Il y a quelques semaines, un autre exemple de censure littéraire a secoué les États-Unis. L’interdiction de Maus, le roman graphique d’Art Spiegelman retraçant l’histoire de la Shoah, a suscité un débat majeur. Cette décision, prise par certaines autorités scolaires, s’inscrit dans un contexte de contrôle idéologique grandissant et d’instrumentalisation de l’histoire, témoignant d’une volonté de contrôler les idées et d’effacer certaines mémoires.
Si Boualem Sansal, un écrivain mondialement reconnu, peut être ainsi emprisonné, quelle est la situation des voix moins visibles, moins médiatisées ? Quelle est la place laissée aux jeunes écrivains, journalistes ou militants dont les voix sont souvent étouffées avant même de pouvoir s’exprimer librement ? La répression idéologique, artistique et politique ne s’arrête pas aux figures célèbres ; elle frappe également ceux et celles qui, à moindre échelle, tentent de s’opposer à l’ordre établi.
En France, une autre forme de pression se fait sentir, cette fois-ci à travers le secteur éditorial. L’influence grandissante de Vincent Bolloré, un éditeur et homme d’affaires aux convictions revendiquées d’extrême droite, sur le paysage littéraire français, alerte sur les dérives de la concentration des médias et de la culture. Son empire médiatique et éditorial exerce une pression subtile, mais omniprésente sur la diffusion des idées, au point de nuire à la diversité de la pensée dans le monde du livre.

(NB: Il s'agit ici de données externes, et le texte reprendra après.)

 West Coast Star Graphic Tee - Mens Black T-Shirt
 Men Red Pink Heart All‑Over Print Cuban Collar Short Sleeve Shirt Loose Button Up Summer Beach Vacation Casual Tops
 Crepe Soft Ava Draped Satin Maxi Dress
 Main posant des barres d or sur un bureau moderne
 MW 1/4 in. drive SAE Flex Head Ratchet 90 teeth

En réponse, des éditeur.ices et des acteur.ices du monde littéraire se mobilisent pour dénoncer cette situation. Depuis les législatives de juillet 2024, la campagne Désarmons Bolloré a pris de l’ampleur. Un recueil intitulé Déborder Bolloré, Faire face au libéralisme autoritaire dans le monde du livre, soutenu par une cinquantaine d’éditeurs indépendants, paraîtra en juin 2025. Ce projet collectif est une forme de résistance face à un contrôle croissant sur la production et la diffusion des idées.
La répression croissante de la pensée critique à travers le monde, qu’il s’agisse de Boualem Sansal, de l’interdiction de Maus ou de la concentration des pouvoirs éditoriaux en France, pose un défi majeur à la liberté d’expression. Aujourd’hui, plus que jamais, il est crucial de soutenir celles et ceux qui se battent pour maintenir la littérature et l’art comme des espaces de résistance, d’expression et de liberté.
La question n’est plus seulement de savoir si l’on peut encore écrire, mais de savoir jusqu’où ira cette répression et quel prix les écrivains devront payer pour leur liberté de parole.